コウモリと牡丹の花。いずれも中国の吉祥文様


境内に入ると、煌びやかな刺繍の幕を張った、お土産を売る売店がある。そこには、珍しい色とりどりの縁起物である置物が、所狭しと並べられ売られ、まるで本当の中国の寺院に来たような気分を味わえる。




 
「護法堂」こちらも重要文化財である。ここには、「関帝」「観音」「韋駄天」がそれぞれ祀られている。










こちらは、「鐘鼓楼」。梵鐘と太鼓が重層部に置かれている。上層は,梵鐘や太鼓の音を拡散させるために、丸窓・火灯窓等の開放された開口部が多い。



 
こちらは、「媽祖堂門」と呼ばれるもの。媽祖堂に対する門と仏殿と方丈を連絡する廊下を兼ねている。




 
「媽祖堂門」を抜けた傍に、大きな魚の形をした板が吊るされているのが目に入った。何だろうと思って調べてみたら、これは木魚の原型だった。儀式の時や僧侶のみなさんに食事の合図をするときに叩かれるらしい。何で魚の形かというのが興味深い。魚は常に目を開けていることから「寝る間を惜しんで日々修行せよ」という戒めを表しているそうだ。この魚、口に玉のようなものを咥えている。これにも意味があって、この玉なんと「人間の煩悩」を表しているそうだ。
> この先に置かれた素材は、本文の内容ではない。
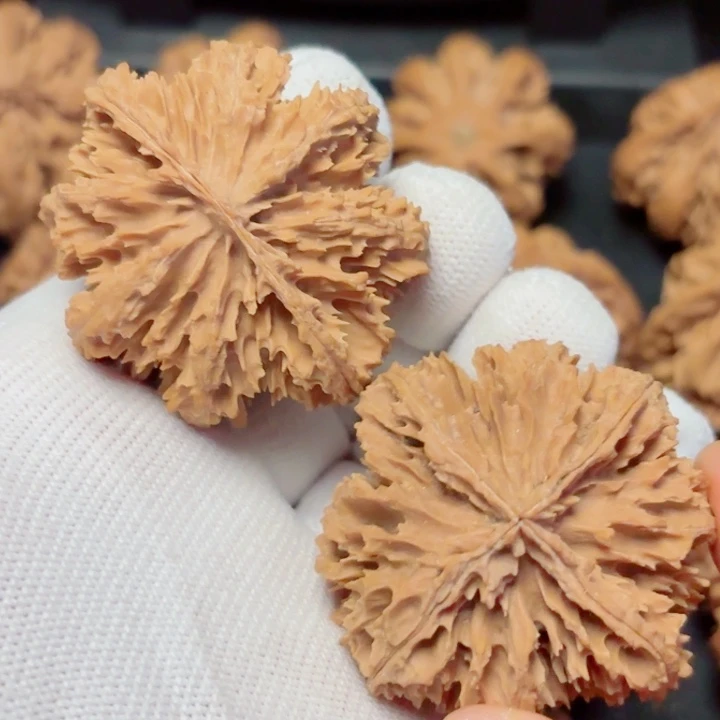 用***7文玩核桃吊坠秦岭灯笼15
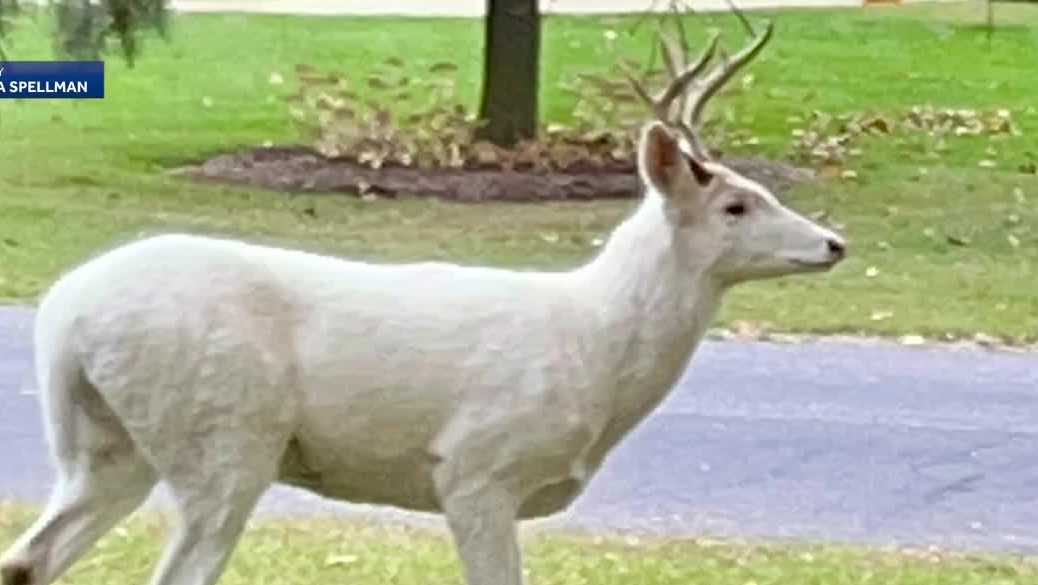 'That's Santa's Deer,' White Buck appears in Waukesha County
で、魚をポンポン叩くことで「煩悩を吐き出させる」という意味を持たせているということを知り、仏教の奥の深さを感じた。


その先に進むと、「媽祖」をお祀りする『媽祖堂』がある。海上の安全航海を願って、海神である「媽祖」を祀ったところ。旧暦の3月23日には祭事が行われるとのこと。この「媽祖様」は女神だ。右側に「順風耳」、左側に「千里眼」が祀られいる。 順風耳千里眼の兄弟は、中国に昔から伝わる航海の女神“媽祖”の家来で、“門神”としてあらゆる災害から媽祖を守る役目を持つと言われているそうだ。









 
本殿である「大雄宝殿」。「大雄」とは、釈迦如来のことをさす。 正保3年(1646に創建ということで、長崎に現存する最古の建物とのこと。中には、釈迦如来像が祀られている。この釈迦如来像、珍しいことに「内臓」があるそうだ。昭和の初めに、仏像修理のため調べていたときに分かったらしい。銀製の五臓、布製の六腑を持つ仏像。う~ん中身が見てみたい気がする。













 
いやぁ本当にどれを見ても、とても魅力的な文化財を見るとことができてよかった。長崎にまた来た際には是非、ここに立ち寄りたいと思った。